UBC-Thunderbots / Software

Robot Soccer Playing AI
http://www.ubcthunderbots.ca
GNU Lesser General Public License v3.0
53 stars 99 forks source link

Fix Floating Point Exception Errors #2088

Closed jonathanlew closed 3 years ago

jonathanlew commented 3 years ago

Description of the task

There are floating point exception errors that we ignore, e.g. sqrt of a negative number, overflow, etc. The most visible way this fails is when it causes the robot state to contain nans (not a number), which causes robot costs to be nans, which causes the munkres algorithm, and consequently AI, to stall.

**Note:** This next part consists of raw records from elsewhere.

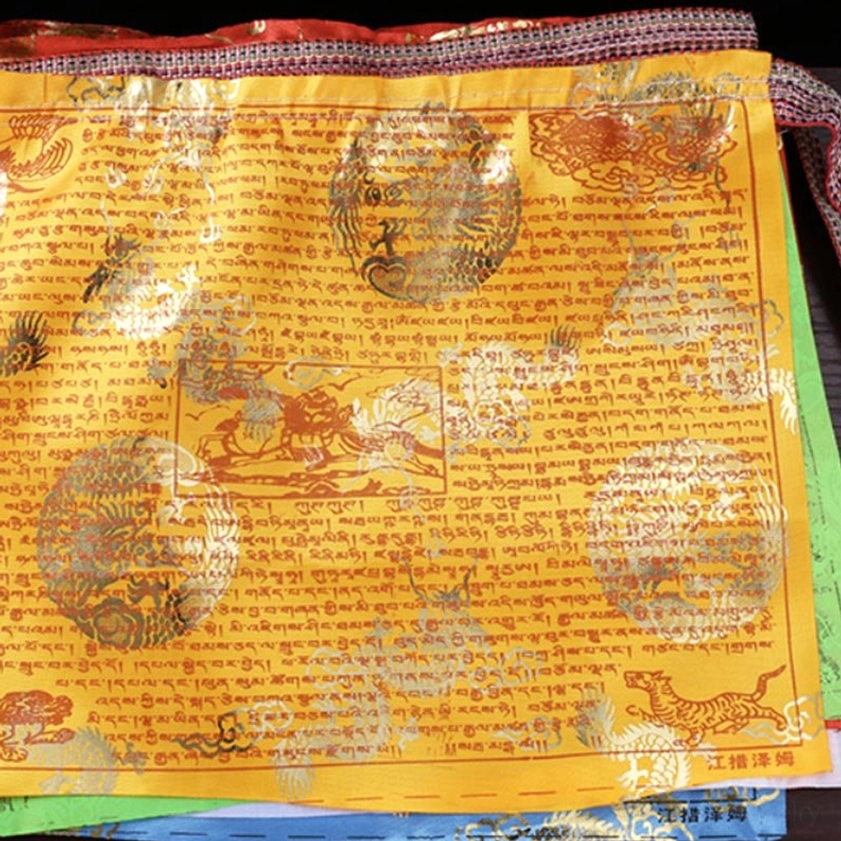 Single yellow Buddhist prayer flag with gold foil dragon and sacred animal patterns with Tibetan script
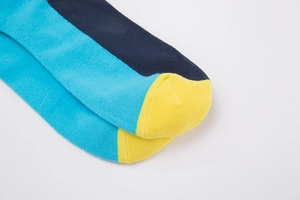 Detailed view of mid-calf socks with navy blue, sky blue, and yellow stripes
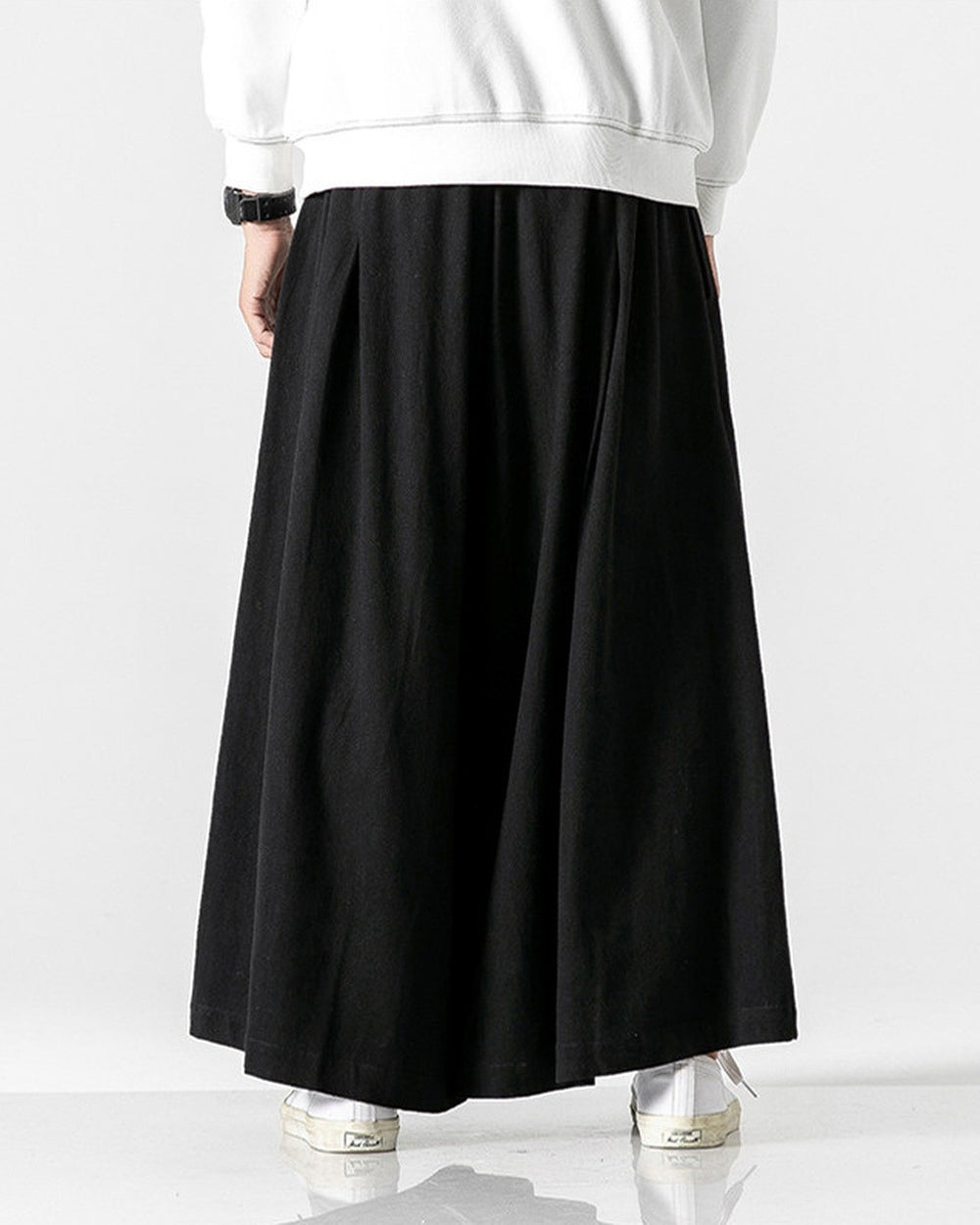 Black extra-wide linen-cotton skirt pants worn with a white sweatshirt and white sneakers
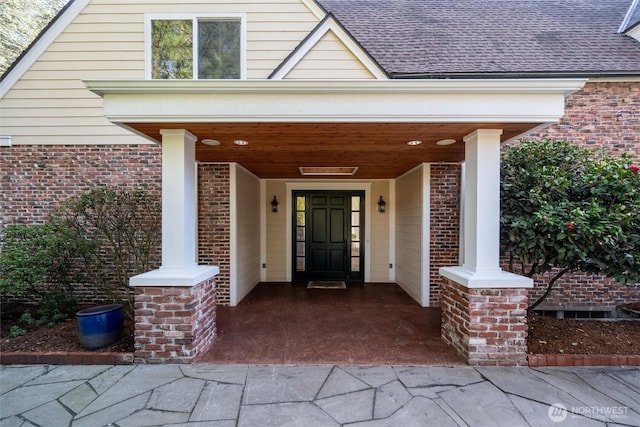 3851 Cliffside Dr, Bellingham, WA 98225 - property entrance with brick siding and a shingled roof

Floating point errors can be detected automatically by adding feenableexcept(FE_INVALID | FE_OVERFLOW); to the main function or where it has to be called, e.g. in the simulated test fixture constructor. More info:

Currently, every simulated test suffers from at least one floating point exception error, typically in physics or primitives functions.

Examples: float overflow

Thread 1 "shoot_or_pass_p" received signal SIGFPE, Arithmetic exception.
0x00007ffff65c12a6 in app_trajectory_planner_impl_getMaximumSpeedProfile (path=..., num_elements=10, t_start=0, t_end=1, max_allowable_acceleration=3, speed_cap=2, 
    max_allowable_speed_profile=0x7ffffffe17f0) at firmware/app/control/trajectory_planner_impl.c:25
25          const float max_speed = sqrtf(max_allowable_acceleration * radius_of_curvature);
(gdb) p radius_of_curvature
$1 = 3.40282347e+38

sqrt of negative value:

#2  0x00007ffff57ecf39 in shared_physics_getFinalSpeed (initial_speed=0, displacement=-0.0872662738, acceleration=10) at firmware/shared/physics.c:170
170     return sqrtf(powf(initial_speed, 2) + 2 * displacement * acceleration);

Acceptance criteria

Blocked By

MathewMacDougall commented 3 years ago

Ooooh floating point is always really tricky.

For the first error, it's possible the radius_of_curvature is very large because the path being navigated is a straight line (where the radius of curvature is technically infinite). IIRC this was thought of and there was some limit to it, but maybe it's not applied everywhere or there's some other way for it to slip through.

Edit: There is a check in firmware/shared/math/polynomial_2d.c where we check for division by zero and set the result to FLT_MAX. I suspect this line is being hit and FLT_MAX is being returned, since the value of FLT_MAX is very close to what's in the trace above (1e37 vs 3e38).

https://www.tutorialspoint.com/c_standard_library/float_h.htm

I'm not as sure what the best fix is here (@garethellis0 for ideas), but I think checking the value of radius_of_curvature against some threshold value and then either calculating max_speed as-is (assuming you're on a curve and are limited in your max speed), otherwise just assuming the max speed is the previous max speed + robot max acceleration (not limited by curvature). Do not just set the value directly to ROBOT_MAX_SPEED because the values need to be "continuous" in the array in terms of what is physically achievable. I'd probably suggest a threshold a few orders of magnitude less than FLT_MAX (but beware the value will be different when compiled for different systems) so that nearly all the time the existing calculation will be used, but should prevent overflow. (this assumed that max_allowable_acceleration stays around it's current order of magnitude. If it significantly increases, the threshold should decrease).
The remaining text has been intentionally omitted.